Un sogno chiamato Florida (girato in 35mm) è caratterizzato da riprese movimentate, con la cinepresa che segue le corse dei fanciulli tra le strade e i negozi di Kissimmee. La cittadina è un susseguirsi di colori, persino le case abbandonate sono tinteggiate in leggiadre tonalità pastello, con negozi (come l’Orange World a forma di agrume e il Gift Shop con al centro dell’insegna il volto di un mago) che mantengono sempre un aspetto favolistico. Ma i marciapiedi e gli spazi urbani sembrano essere stati abbandonati, il paesaggio circostante, seppur artificiosamente addobbato, trasuda insoddisfazione e miseria, le uniche persone che calcano le strade sono turisti che fugacemente escono dai loro alberghi per riversarsi nel parco divertimenti. Questi gesti e comportamenti aleggiano in tutto il film, come se le persone non volessero interessarsi al dilagante malessere che li circonda e cercassero un rifugio, un luogo dove poter dimenticare la violenza e la povertà a cui ogni giorno devono assistere. Cercano riparo in quel sogno americano, in quegli ideali utopici che hanno portato milioni di persone a credere in qualcosa di grande, che però solo per pochi ha assunto una forma concreta.

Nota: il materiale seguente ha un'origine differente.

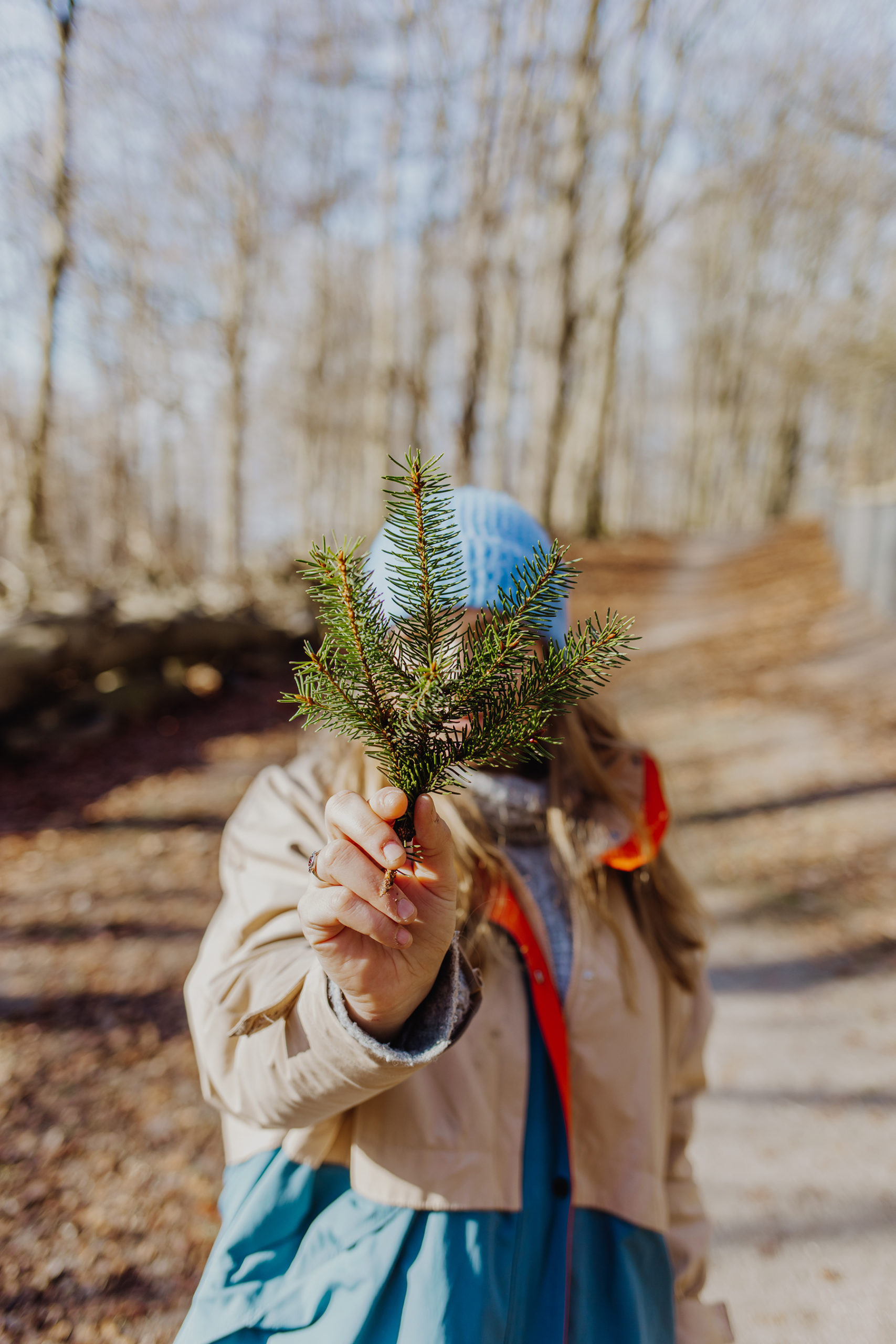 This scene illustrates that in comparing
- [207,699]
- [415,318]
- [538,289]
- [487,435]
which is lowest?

Questo è quello che accade anche alla fine del film, quando i servizi sociali vogliono strappare Moonee alla custodia della madre e la bimba si rende conto che sta succedendo qualcosa di grave senza comprenderne pienamente la ragione. Si sente in pericolo, ha paura, piange, lei che è abituata ad assistere ogni giorno alla violenza non riesce ad accettare che i suoi sogni finiscano. La bambina vuole uscire da quell’incubo, quindi fugge, corre insieme all’amica verso il luogo dove tutta quella sofferenza può essere dimenticata, dove poter ricominciare a vivere, dove poter nuovamente sognare e giocare con i suoi amici; si rifugia dentro a Disney World: “Il posto più felice sulla terra” – come recita la slogan del parco divertimenti. Baker insegue la bambina con movimenti di macchina frenetici, l’obiettivo grandangolare spalanca gli spazi, rende aliene quelle strade che un tempo parevano tanto familiari facendoci penetrare dentro il suo incubo. La cinepresa corre insieme a Moonee, ci fa tornare bambini, per un secondo anche noi spettatori crediamo che forse esista ancora un rifugio, che il presente in cui viviamo sia soltanto la brutta copia di quello che ci riserverà il futuro.
 

La cinepresa corre insieme a Moonee, ci fa tornare bambini, per un secondo anche noi spettatori crediamo che il presente in cui viviamo sia soltanto la brutta copia di quello che ci riserverà il futuro


Ma proprio quando stiamo per convincerci la rincorsa di Baker si ferma, il suo sguardo si arresta davanti all’entrata del parco divertimenti, stanco di credere in un mondo magico fatto di false speranze e inganni. La corsa della bambina (nella sua straordinaria ingenuità) continua perdendosi tra la folla che si accalca davanti al castello di Walt Disney; quello è il suo rifugio, il solo luogo dove forse ancora esiste una speranza e dove si annida quel sogno americano. Disney World, un luogo apotropaico, il simulacro del sogno a stelle e strisce e forse davvero l’ultimo luogo in cui si possa continuare a fantasticare, ma la cinepresa di Baker non entra, il regista mostra la realtà senza mistificazione e lo fa con un tono pacato ed elegante, ma disincantato. In America la disuguaglianza ha raggiunto livelli senza precedenti, la ricchezza è posseduta da una ristrettissima fascia di popolazione, mentre la criminalità è sempre più dilagante: allora perché il sogno americano continua ad essere sbandierato con orgoglio e tirato in ballo in qualsiasi discorso politico? Forse ha ragione Noam Chomsky quando scrive – nel suo libro Le dieci leggi del potere. Requiem per il sogno americano – che quel sogno va tenuto in vita, «altrimenti come possono i cittadini del paese più ricco e potente della storia mondiale […] fare i conti con la realtà che vedono attorno a loro?».